Dataset extract>
>>>>>
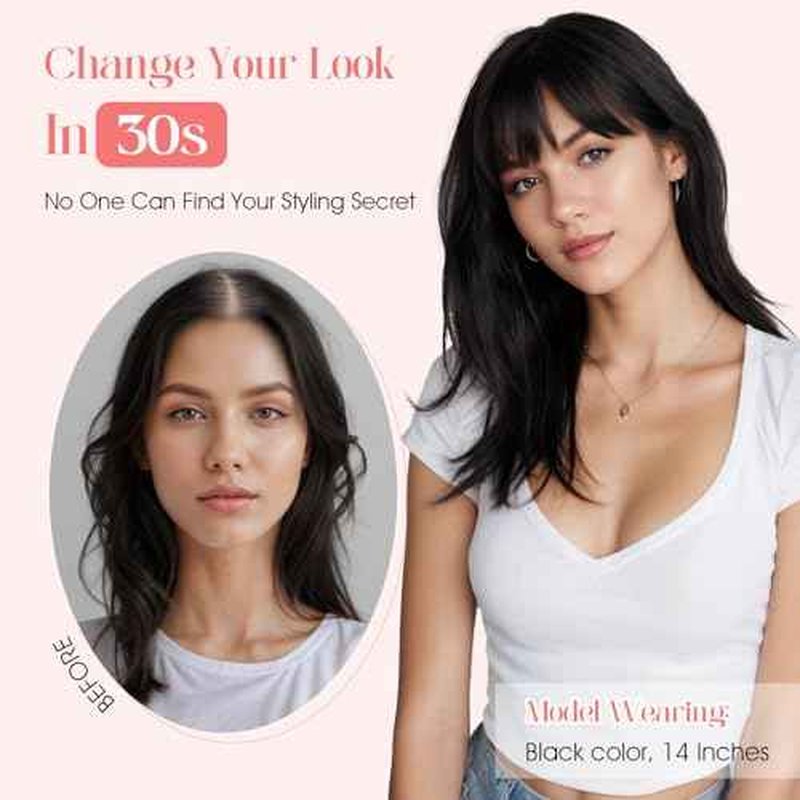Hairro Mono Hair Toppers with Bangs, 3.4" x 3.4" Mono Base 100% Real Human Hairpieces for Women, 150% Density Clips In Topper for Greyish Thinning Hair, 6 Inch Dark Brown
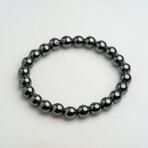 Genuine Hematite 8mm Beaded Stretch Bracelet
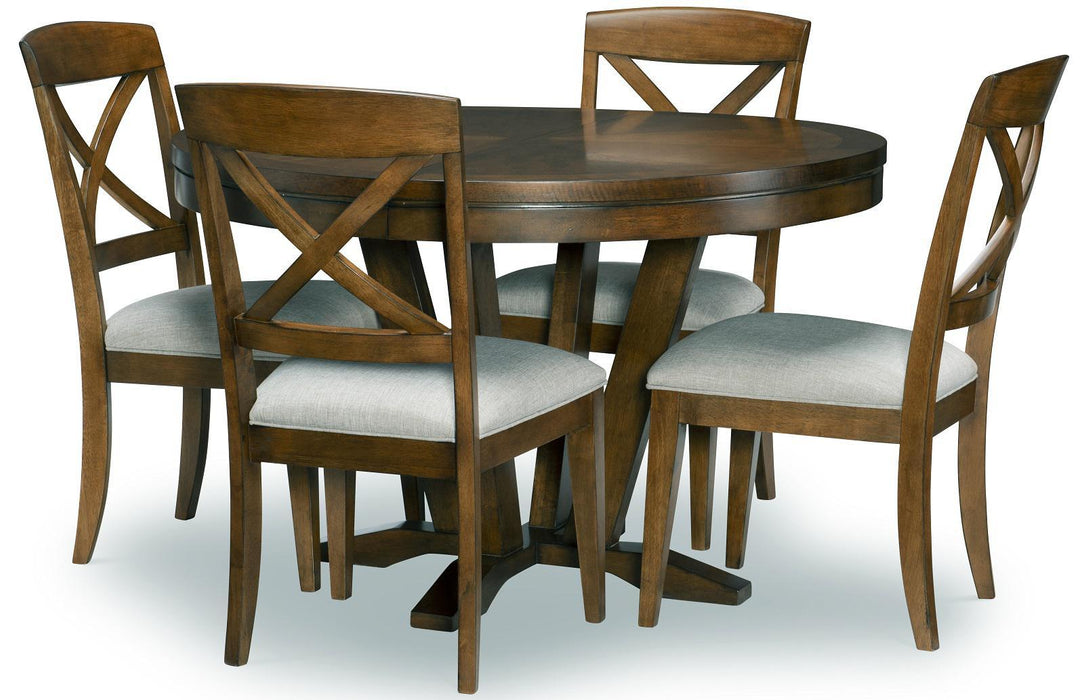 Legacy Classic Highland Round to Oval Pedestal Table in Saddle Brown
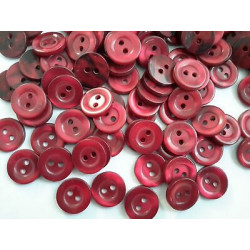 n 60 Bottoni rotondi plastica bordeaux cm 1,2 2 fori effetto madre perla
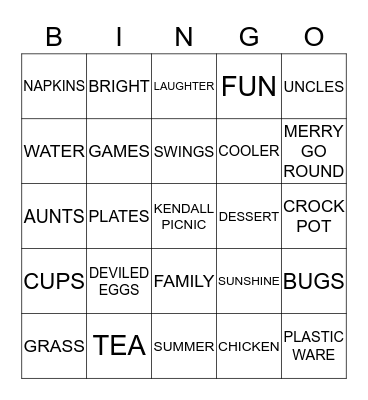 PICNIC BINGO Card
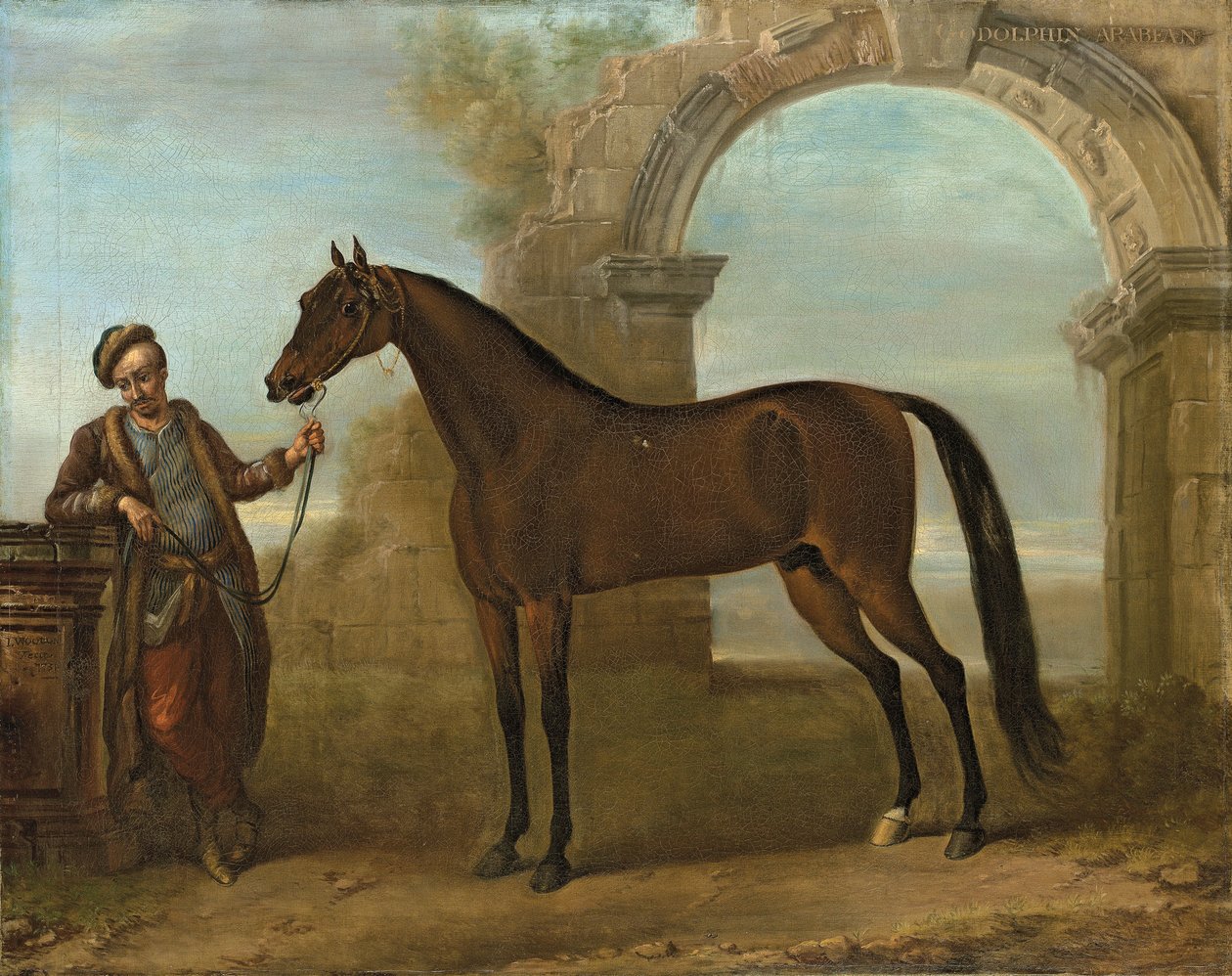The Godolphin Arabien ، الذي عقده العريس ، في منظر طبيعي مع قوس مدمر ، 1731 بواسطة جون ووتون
<<<<<
Action item> Please print the data above in its entirety, exactly, but without any picture.

Expected output>
Hairro Mono Hair Toppers with Bangs, 3.4" x 3.4" Mono Base 100% Real Human Hairpieces for Women, 150% Density Clips In Topper for Greyish Thinning Hair, 6 Inch Dark Brown
 Genuine Hematite 8mm Beaded Stretch Bracelet
 Legacy Classic Highland Round to Oval Pedestal Table in Saddle Brown
 n 60 Bottoni rotondi plastica bordeaux cm 1,2 2 fori effetto madre perla
 PICNIC BINGO Card
The Godolphin Arabien ، الذي عقده العريس ، في منظر طبيعي مع قوس مدمر ، 1731 بواسطة جون ووتون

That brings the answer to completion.